Picardie leans heavily on these for material because Catherine turns out to be every biographer’s nightmare — discretion personified. Although she returned to her married Resistance lover after the war and would live until the age of 90, even des Charbonneries’s grandson Laurent admits to Picardie: “The dictionary of Catherine Dior would not have many words in it.” Instead Picardie uses her investigative reporting skills to comb for what she can through the Dior archives and thousands of other wartime documents.
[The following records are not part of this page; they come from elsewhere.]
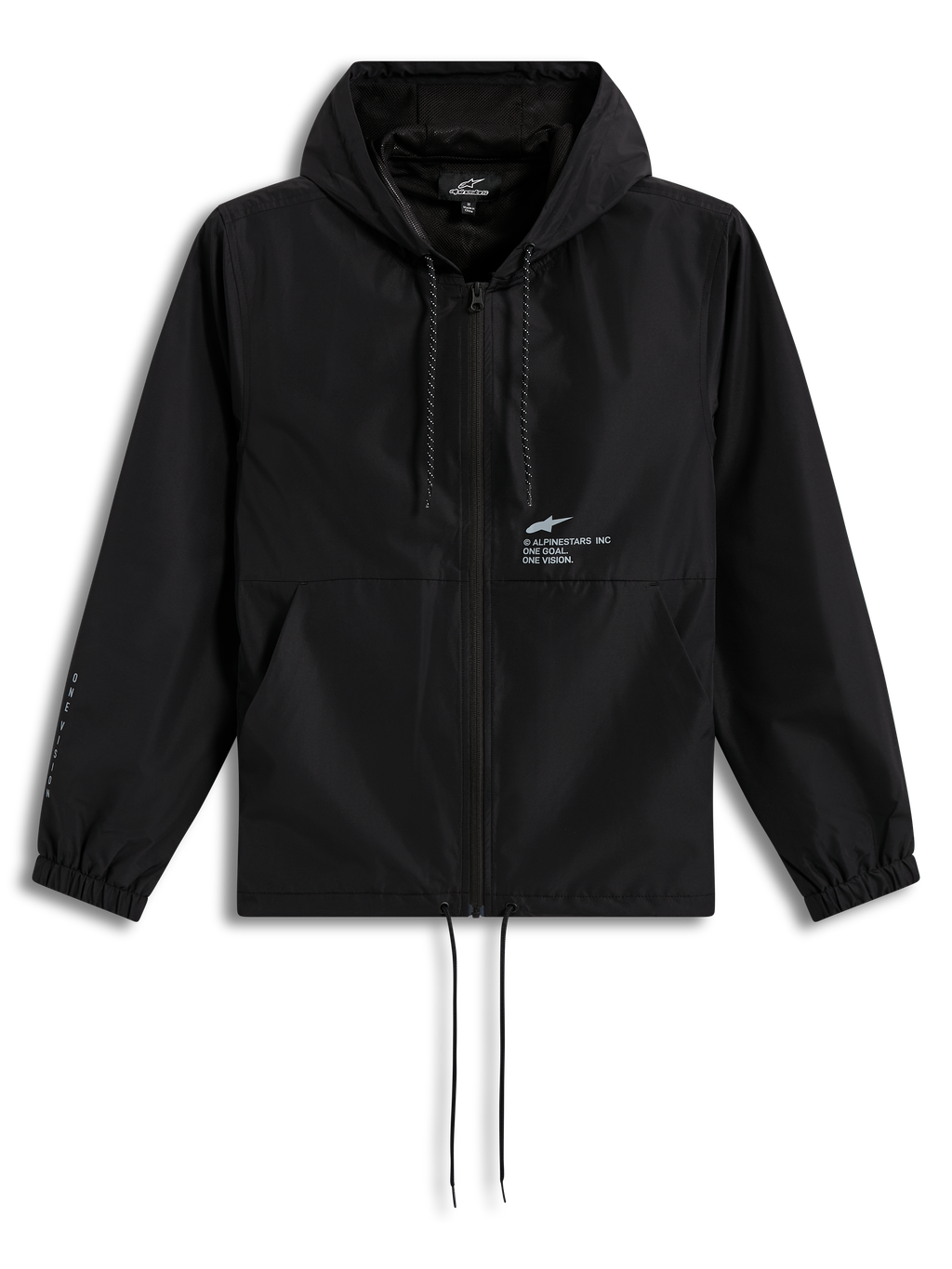 Alpinestars Speeder Resolve, casaco corta-vento preto leve com capuz, fecho frontal e logótipo no peito, casual sportswear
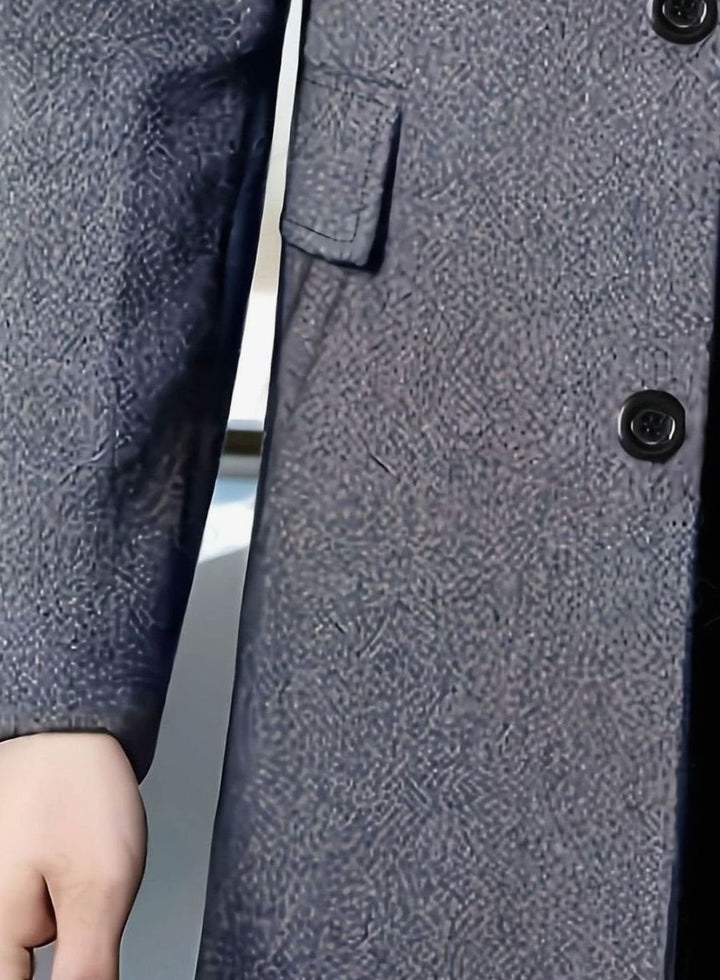 Men's Relaxed-Fit Single-Breasted Wool Overcoat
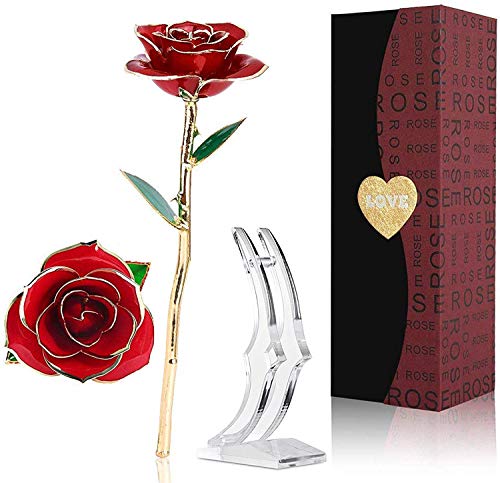 Rosa de Oro 24K,Rosa Eterna Flores Chapadas en Oro con Base Soporte Transparente y Caja de Regalo para el Día de San Valentín,el Día de Madre, Mujer,Novia, Esposa,Aniversario,Cumpleaños Regalo Rosa de Oro 24K,Rosa Eterna Flores Chapadas en Oro con Base Soporte Transparente y Caja de Regalo para el Día de San Valentín,el Día de Madre, Mujer,Novia, Esposa,Aniversario,Cumpleaños Regalo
The result is Netflix-worthy and the pace page-turning as Picardie presents a woman who appeals beyond the boundaries of Planet Fashion. She visits Catherine’s privileged childhood home in Normandy, the Paris apartment shared with her brother while working under the code name “Caro”, and returns to Ravensbruck twice to write a chilling chapter. By the time Catherine arrived there, 40,000 female prisoners were crammed into rat-infested accommodation designed for 3,000. She was shaved and tattooed with her number, 57183RA, given watery soup and made to shovel wet sand from dawn. Yet her self-respect never wavered. Catherine’s godson, Nicolas Crespelle, one of five family members and friends whom Picardie interviews, said: “She would never fall to the ground to pick up a piece of food that an SS guard had thrown there. She said that if you did that, then your life was over.”

After surviving three further slave camps, and the “death marches” at the end of the war, Catherine arrived back in Paris with “agonising injuries to her hips, back and feet”. She was so emaciated that Christian, waiting on the station platform, failed to recognise her.

Sadly for the reader she soon disappears to the south of France to farm flowers with the mysterious M des Charbonneries, while Picardie turns her attention to her brother and his rise to “fashion royalty”. From here the cadence slows and the tone becomes more florid. Christian was “the prince of light” who gave the world the New Look. What exactly he did while Catherine was shovelling sand is less clear. Picardie denies he was “supplying wives of German dignitaries” with dresses, although his boss LeLong was to be tried and acquitted of collaboration after the war. Christian died of a heart attack in 1957 at the age of 52, his appetite for luxury leaving a tax bill of 40 million francs. In his will Catherine was named the “moral heir”, responsible for the “artistic heritage” of his brand.

More than 60 years later the Christian Dior name lives on and is worth $12 billion. Yet in this book it is Catherine’s story that shines — the quiet Dior who preferred flowers to fashion, the unsung heroine who survived the abuse of the Third Reich to help liberate France.